> _ABOUT THIS EXERCISE_
Look for the line containing "little girl standing in the corner alone" and the line containing "Hand holding smartphone" in the entries below. Copy those two and all lines between them exactly, leaving out pictures.

> _SUPPLIED RECORDS_
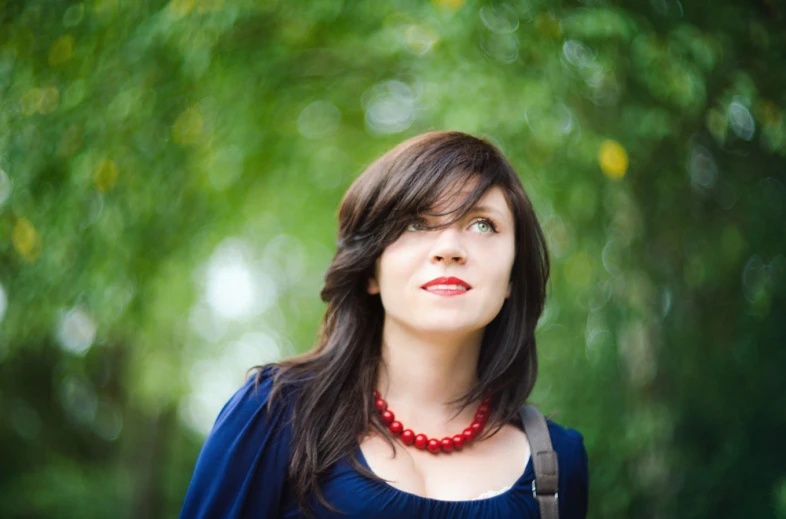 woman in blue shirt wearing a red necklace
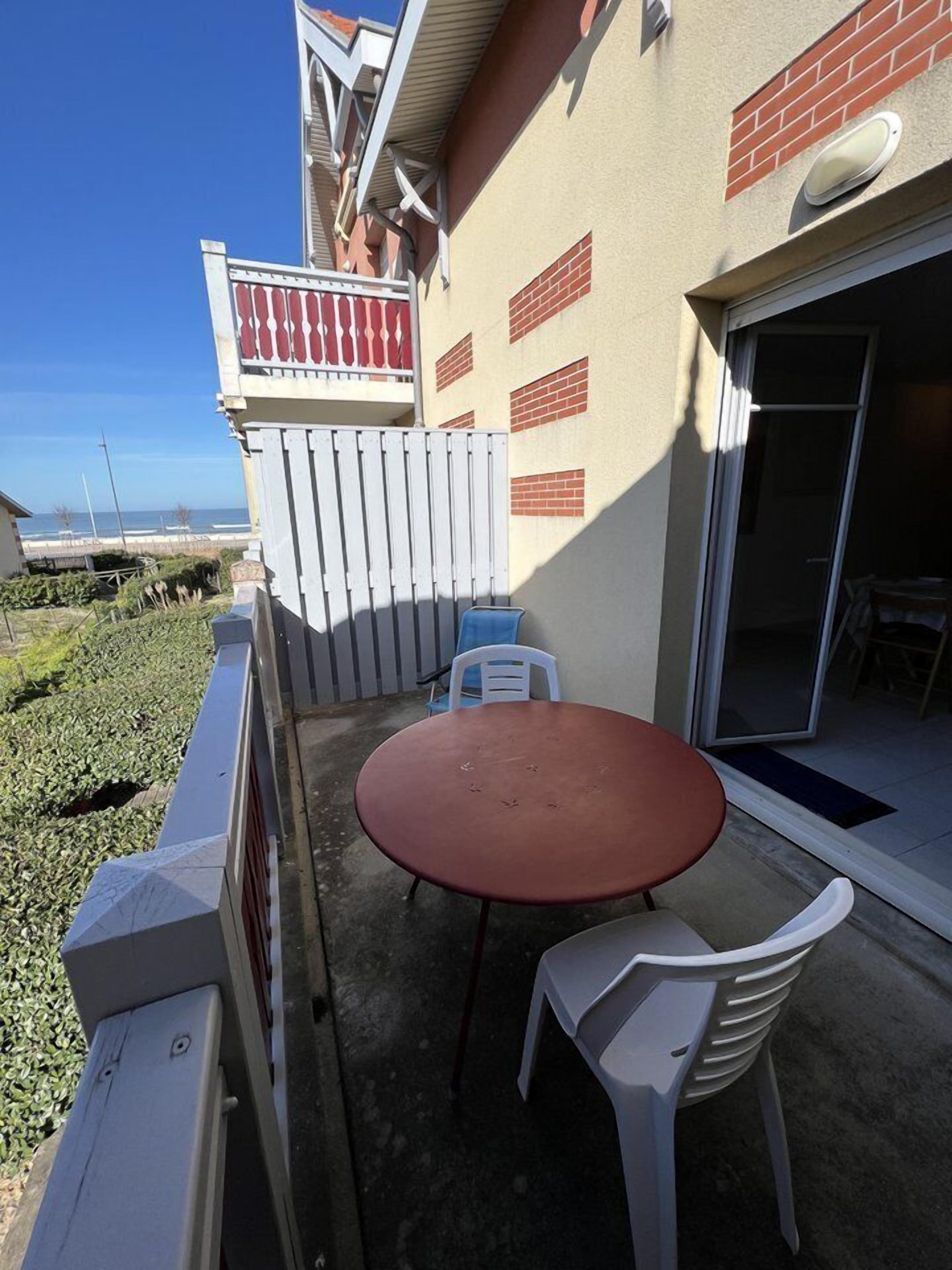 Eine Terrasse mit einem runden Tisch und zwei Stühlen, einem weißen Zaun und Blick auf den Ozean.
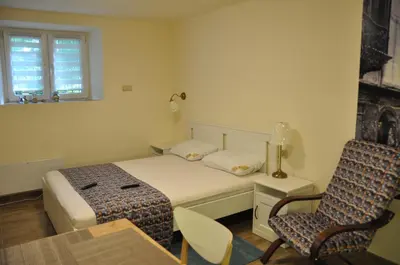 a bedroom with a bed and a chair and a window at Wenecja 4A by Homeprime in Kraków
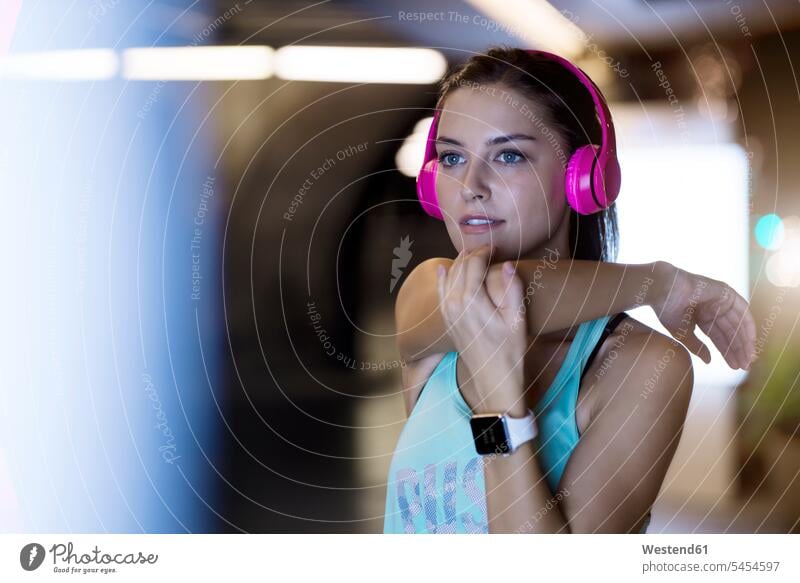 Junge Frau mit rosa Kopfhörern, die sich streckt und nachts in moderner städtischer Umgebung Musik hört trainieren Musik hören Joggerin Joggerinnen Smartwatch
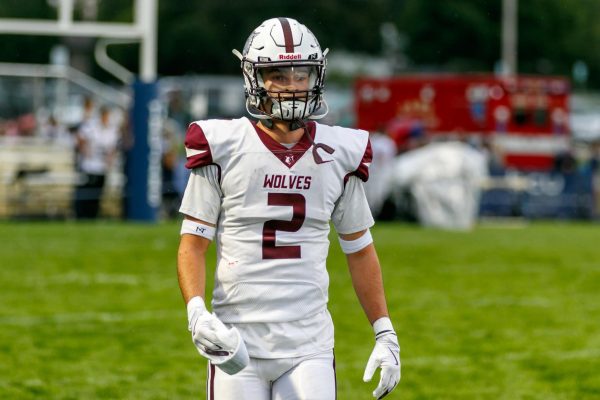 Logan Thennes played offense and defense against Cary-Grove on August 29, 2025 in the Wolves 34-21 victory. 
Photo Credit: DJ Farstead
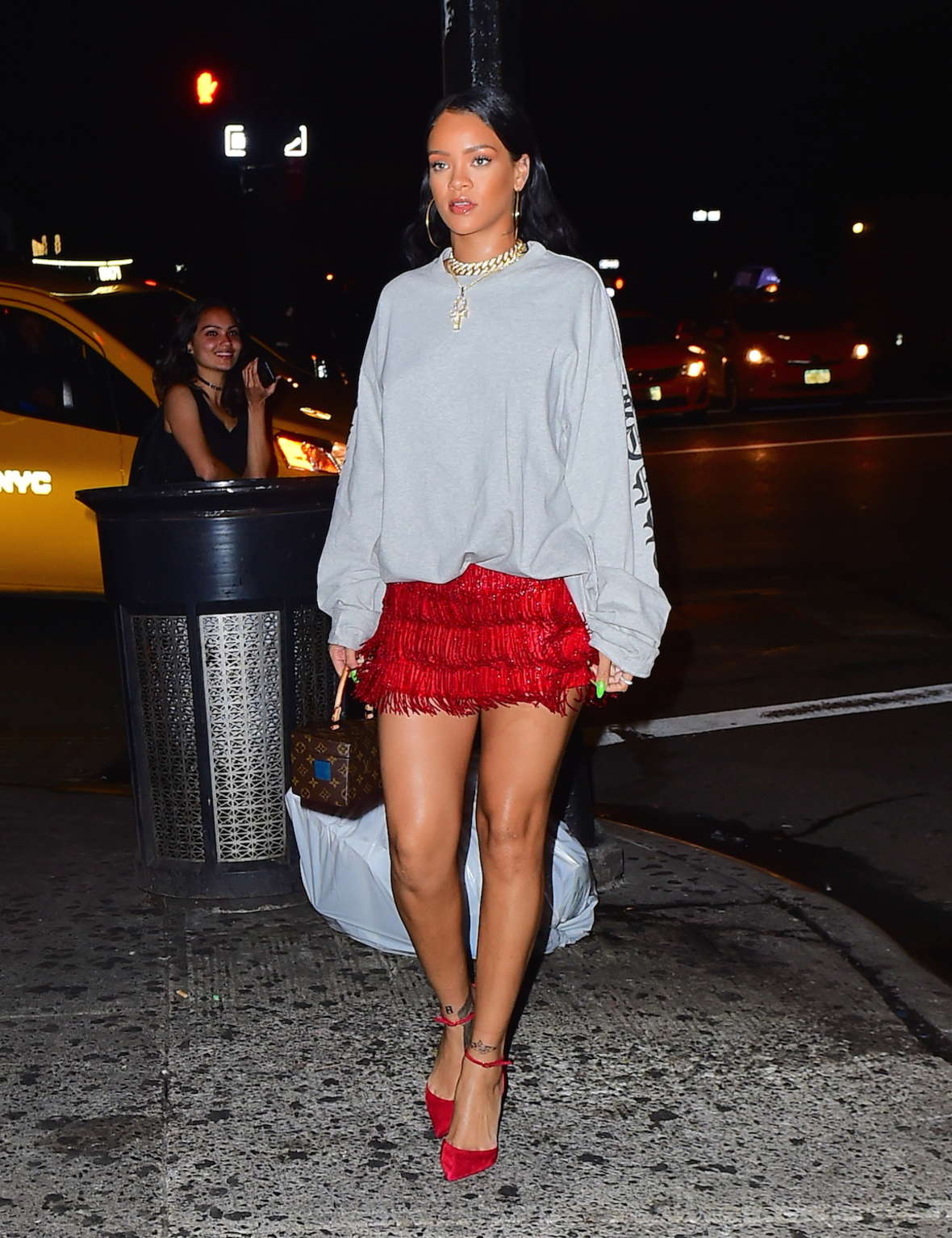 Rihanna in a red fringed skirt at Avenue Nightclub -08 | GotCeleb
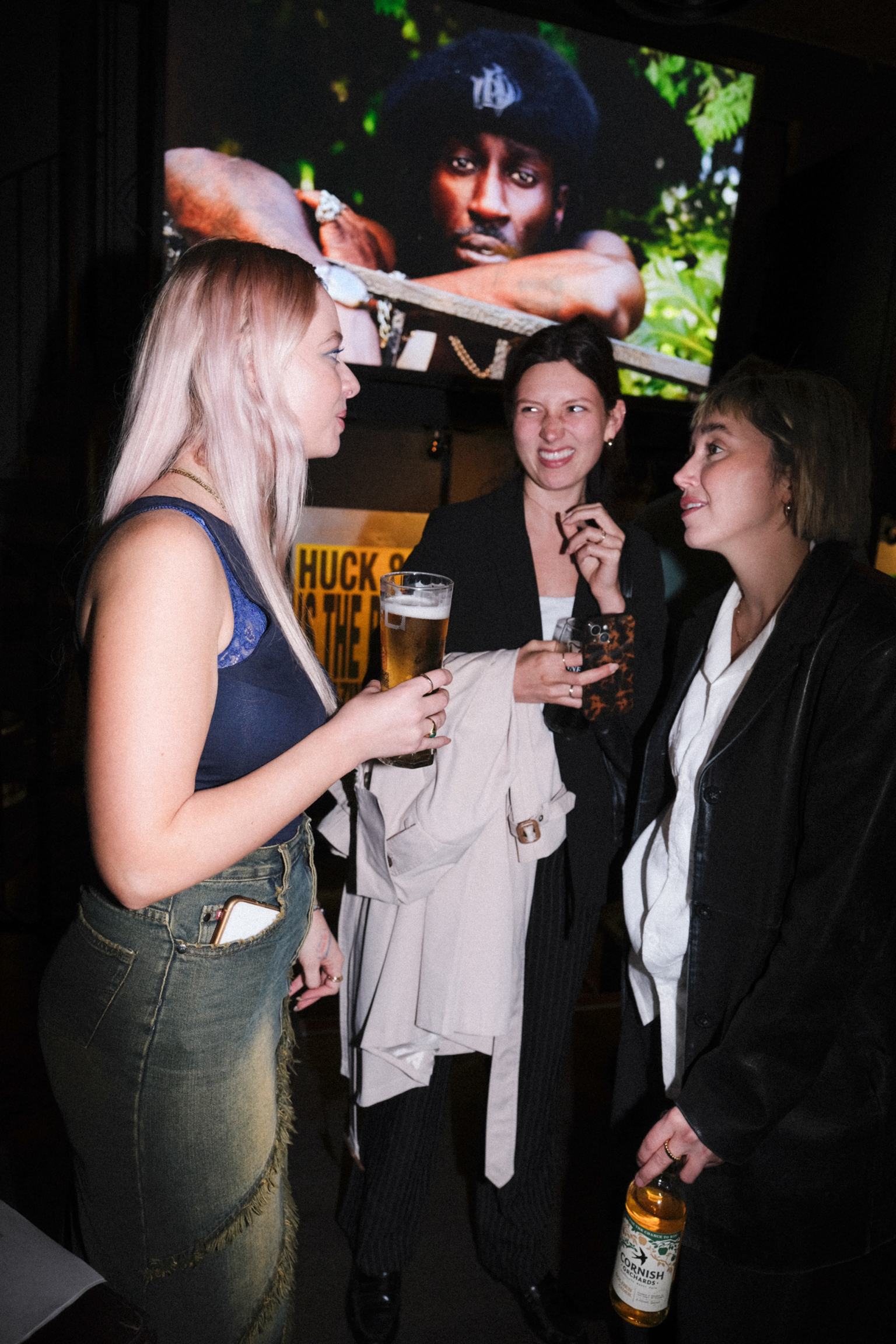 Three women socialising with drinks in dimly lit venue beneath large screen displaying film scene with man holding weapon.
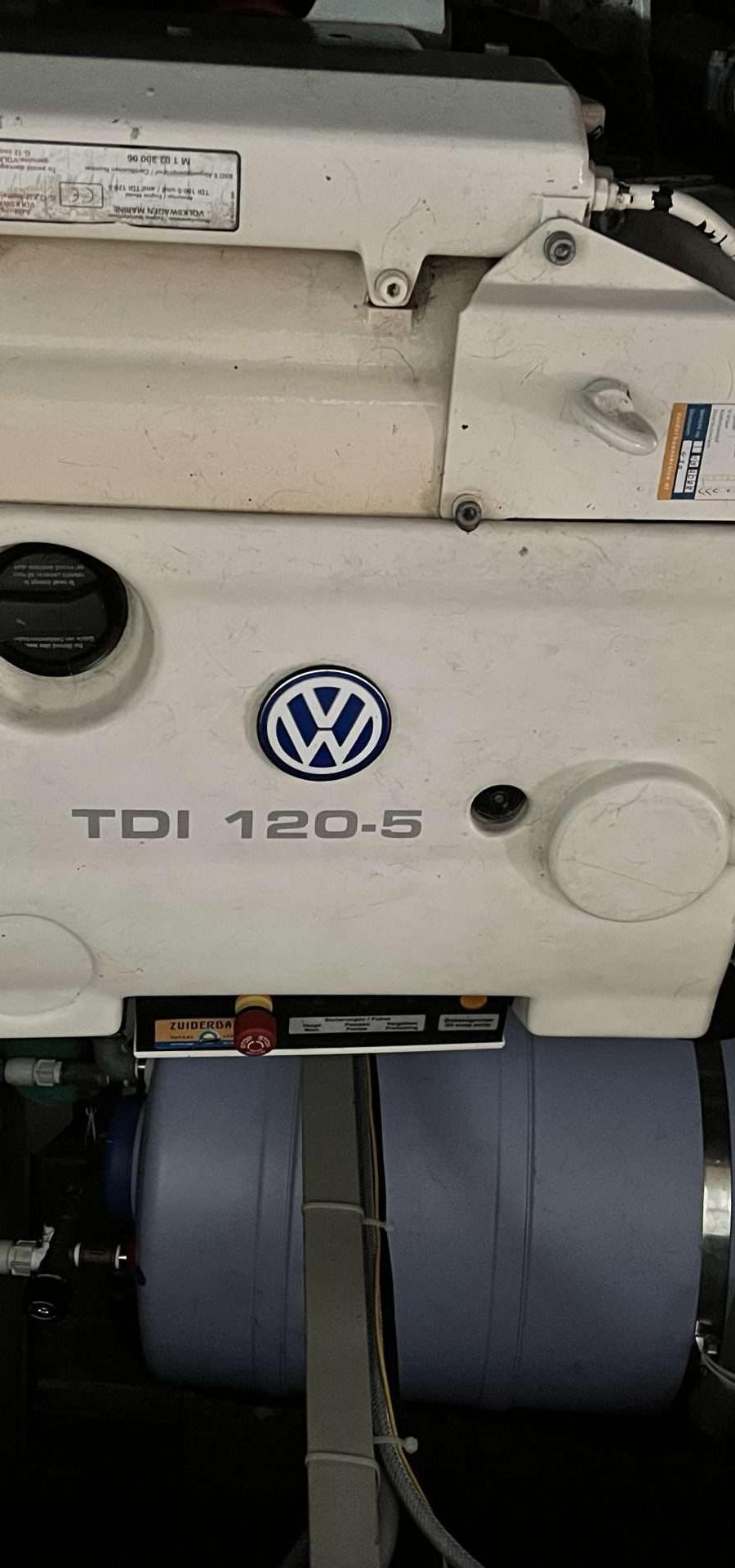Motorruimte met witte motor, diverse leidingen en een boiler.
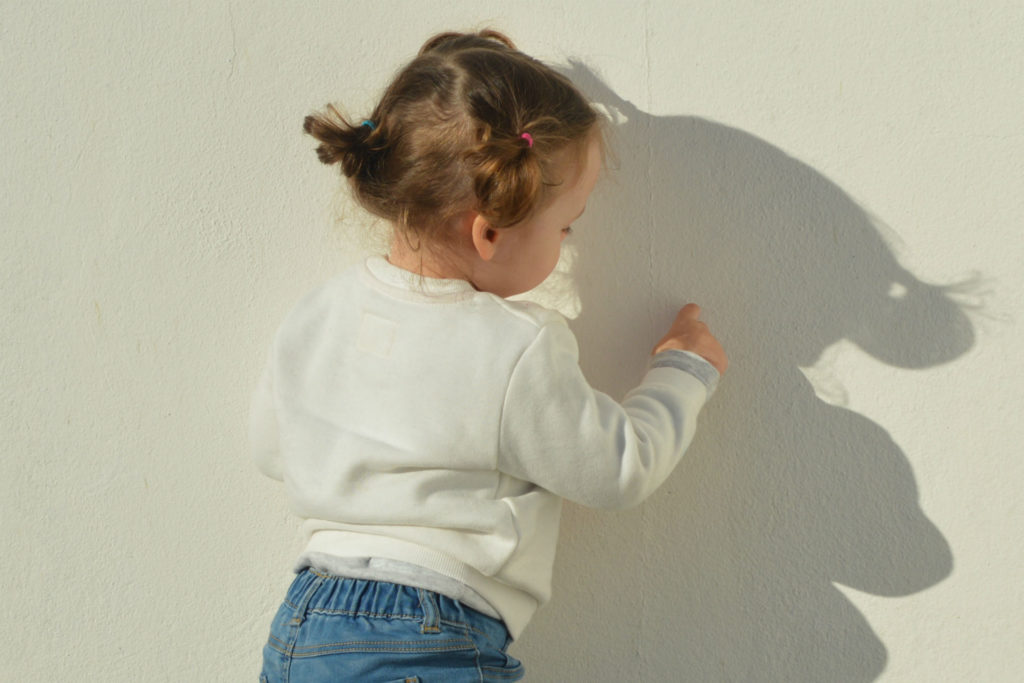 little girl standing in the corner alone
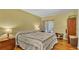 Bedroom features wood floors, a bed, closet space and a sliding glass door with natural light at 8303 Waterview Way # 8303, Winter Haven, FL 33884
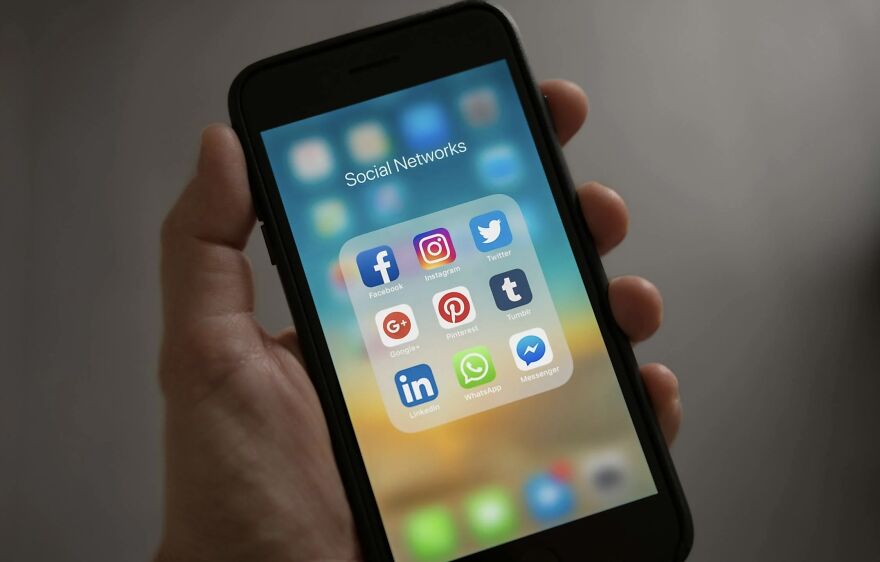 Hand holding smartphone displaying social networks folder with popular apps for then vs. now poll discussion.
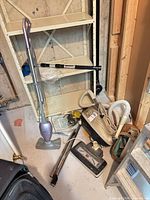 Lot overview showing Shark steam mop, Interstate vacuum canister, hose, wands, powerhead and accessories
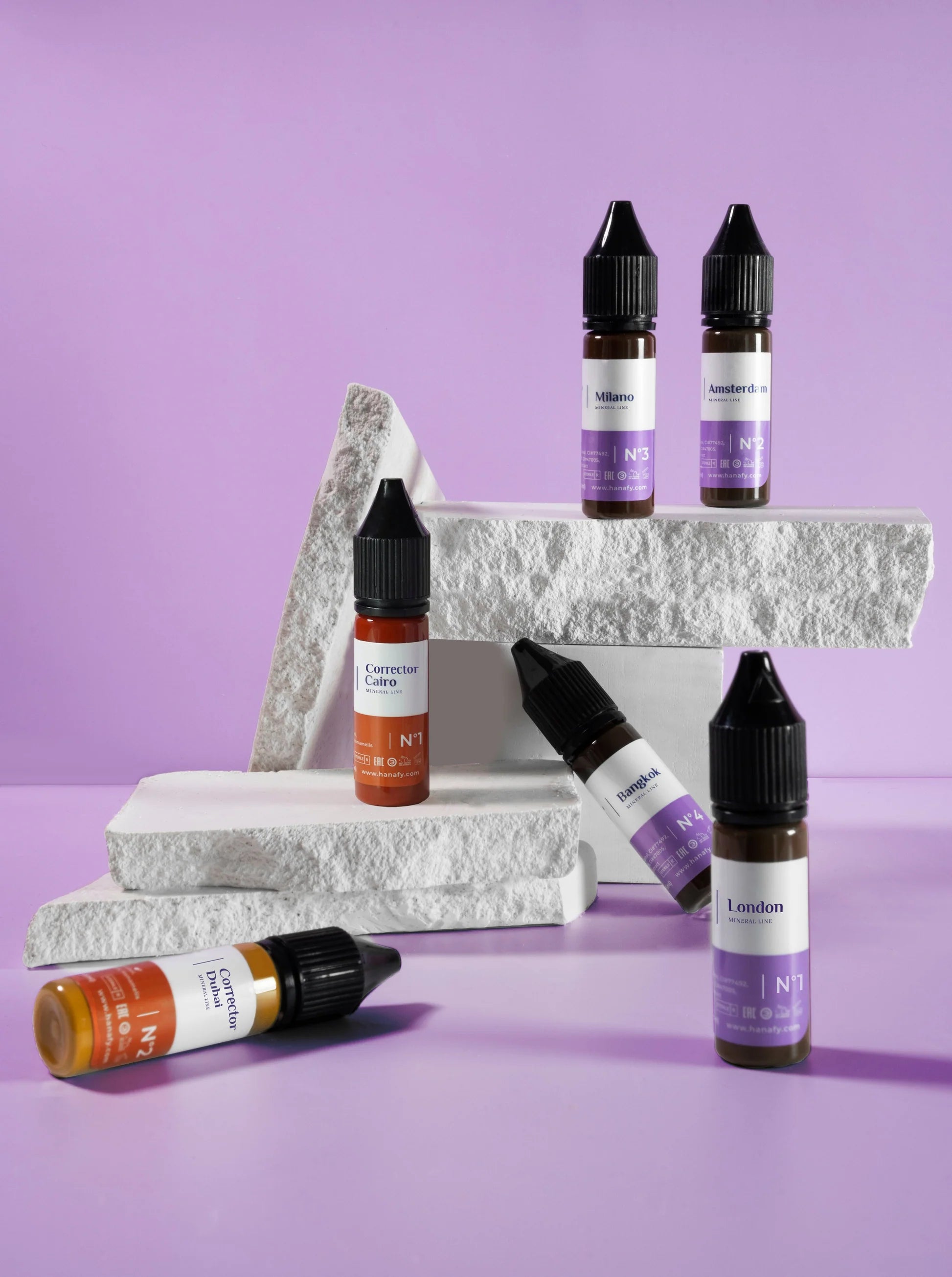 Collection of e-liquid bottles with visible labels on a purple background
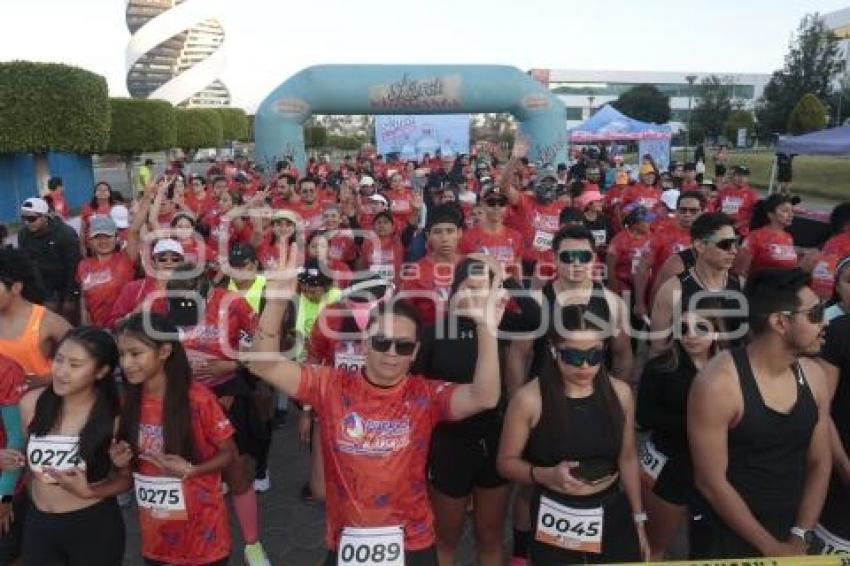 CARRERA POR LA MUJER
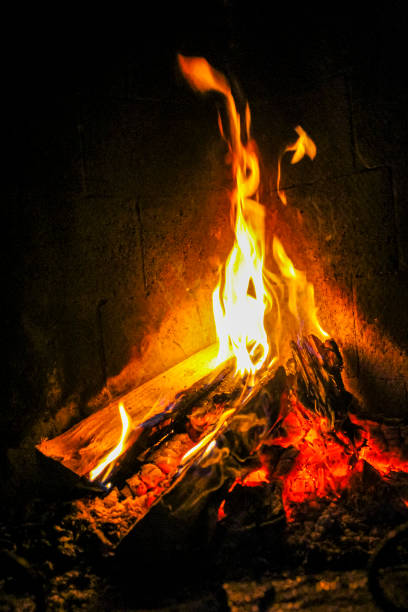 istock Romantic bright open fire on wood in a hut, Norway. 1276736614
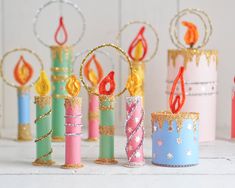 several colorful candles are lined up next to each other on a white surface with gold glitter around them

> _EXERCISE SOLUTION_
 little girl standing in the corner alone
 Bedroom features wood floors, a bed, closet space and a sliding glass door with natural light at 8303 Waterview Way # 8303, Winter Haven, FL 33884
 Hand holding smartphone displaying social networks folder with popular apps for then vs. now poll discussion.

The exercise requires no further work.